Monday, April 6, 2015

Semana Santa on the Atlantic Coast

Holy Week is arguably the biggest Nicaraguan holiday of the year. During “Semana Santa,” as it's known here, most people have at least a long weekend of vacation, if not the whole week off. As Semana Santa is also the very hottest time of year, the object of the week is to find a cold pool of water to dip your toes in.

In this regard, we went all out. We didn't just buy one of those inflatable kiddie pools that people sell by the sides of the streets at this time of year; we took on the entire Caribbean Sea. With a few of our volunteer friends who work in Managua and Matagalpa, we made the long bus journey across the sparsely-populated Nicaraguan inland, and where the road ended took a boat along the Escondido River to the Atlantic coastal city of Bluefields.

Bluefields – it doesn't sound very Spanish, does it? That's because it's not. The Afro-Caribbean population on the Atlantic Coast actually speaks a Creole English. The complex history of this region makes it feel almost like an entirely different country from the rest of Nicaragua. The Spanish had long since colonized the Pacific side of Nicaragua when, in the mid-19th century, British colonists and their African slaves moved from Jamaica to the Nicaraguan Atlantic Coast. There, the English-speaking Afro-Caribbean people intermarried with the Miskito and Rama indigenous groups that had occupied this territory until then, to produce a richly diverse culture that you won't find anywhere else in Nicaragua.

So Semana Santa was the perfect opportunity for us to get to know this culture and also visit some of the most pristine beaches in Nicaragua. We traveled first to Bluefields by land and then flew to the Corn Islands, two tiny white-sand-and-palm-trees islands in the Caribbean Sea. Of course we did all of the things required when one finds oneself in a tropical island paradise: eat lobster and fish at almost every meal, drink coconut water straight out of the coconut, sunbathe on fine white sand beaches, and swim in the turquoise sea all day long.
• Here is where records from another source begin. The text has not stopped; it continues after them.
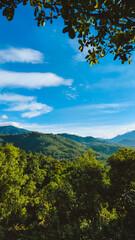 Green hilly landscape with blue sky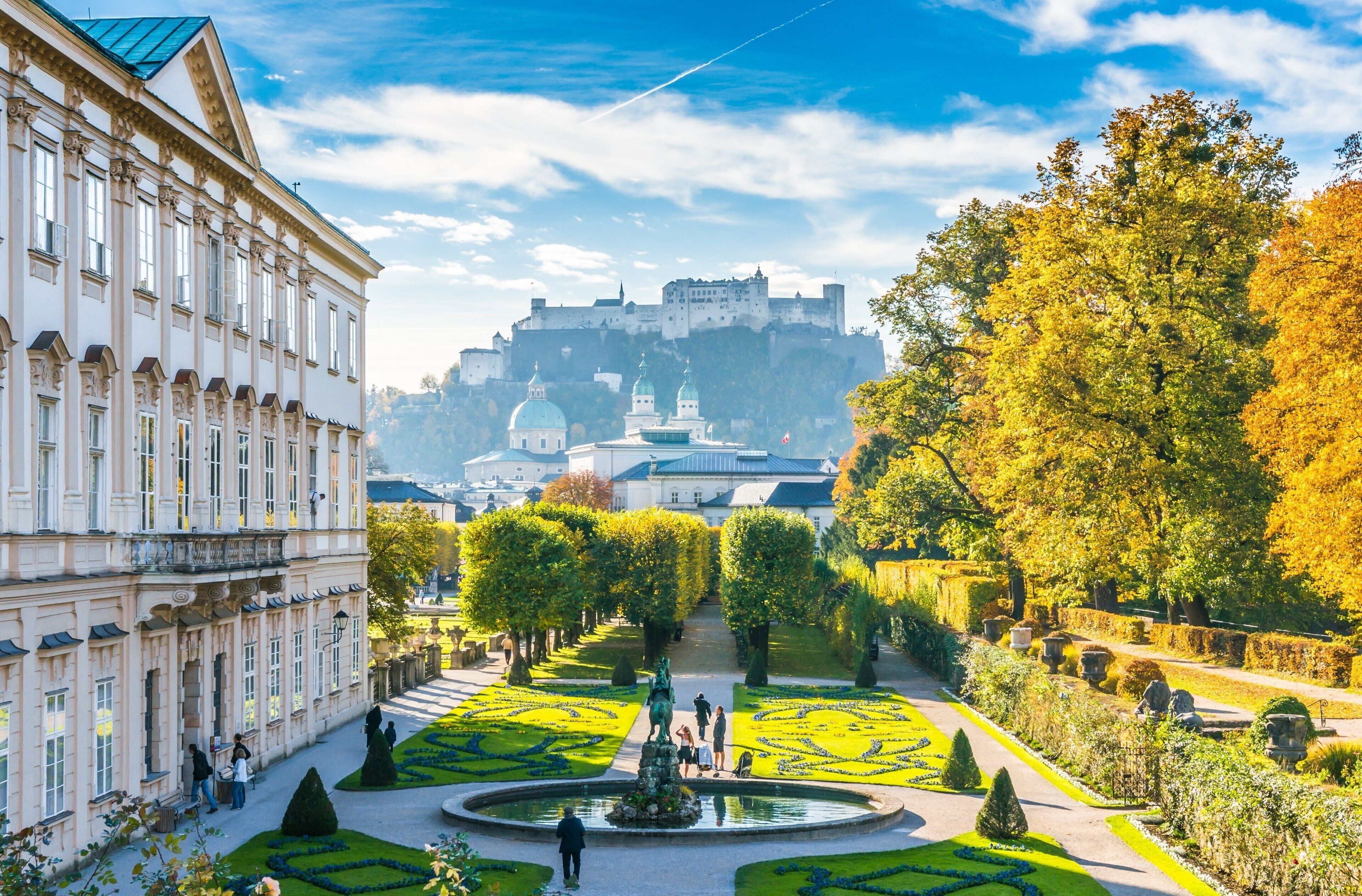 A formal garden with a fountain, manicured lawns, and a large building with classical architecture.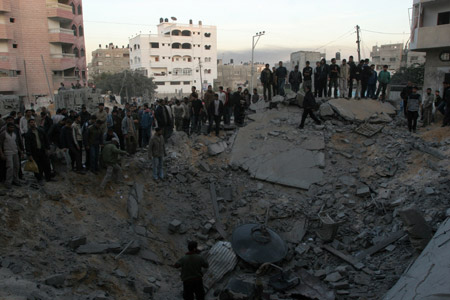  Palestinians gather around the crater caused by an Israeli strike, which hit the house of top Hamas official Said Siam's brother in Gaza City, Jan. 15, 2009. [Xinhua]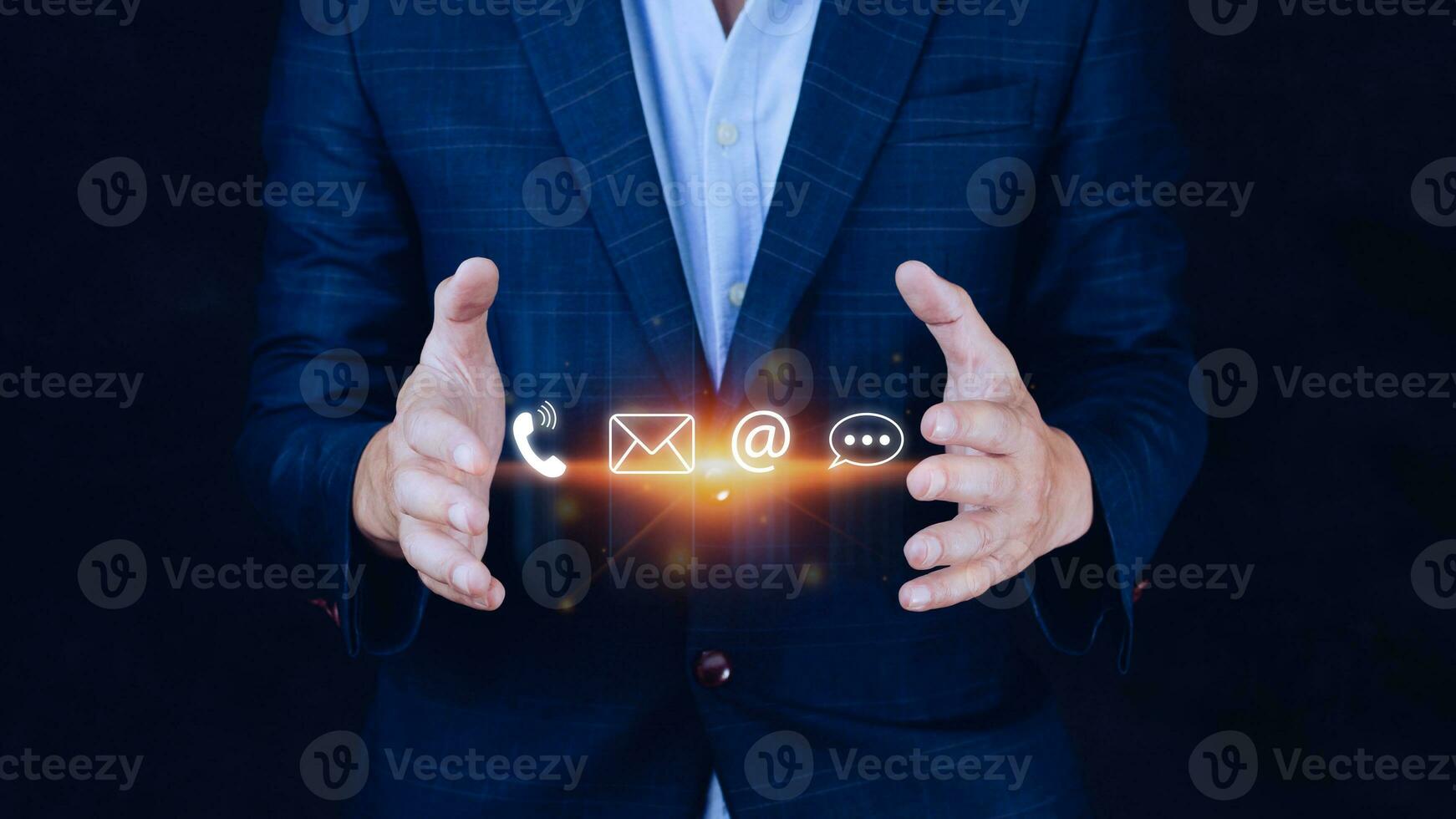 Contact us or Customer support hotline people connect. Businessman using showing and touching on virtual screen contact icons call phone, email, address, live chat, photo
This was all amazing. But the part of the Atlantic Coast that impressed me the most was, in the end, not the beaches; it was the people. We arrived in Bluefields on Saturday, and the American priest who we stayed with there invited us to an ecumenical Palm Sunday march through the city the next morning. We were pretty exhausted from our long journey but curious enough about where we were that we decided to get up at 6 a.m. to walk through Bluefields and wave some palm fronds around. We were glad we did.

Gathered in Bluefields' central park to start the march were at least 500 people: people from Catholic churches, people from Baptist churches, people from Moravian and Presbyterian and Lutheran churches. There were English-speaking Creole people, Miskito-speaking indigenous people, and Spanish-speaking Mestizo people. There were people of all shapes and colors. Together, we all marched through the streets of Bluefields, clutching palm fronds and celebrating together this special day in the Christian calendar. We sang songs in Spanish and we sang old hymns in English. Priests and pastors read from the Bible first in Spanish and then in English. It was amazing. No where else in Nicaragua – or maybe even the world – have I encountered such a perfect, peaceful, balancing act of so many different religious beliefs and cultural heritages. (In San Nicolas, the Evangelicals and Catholics, the only two religious groups that really exist, are constantly at each other's throats; nothing like this would ever happen here.)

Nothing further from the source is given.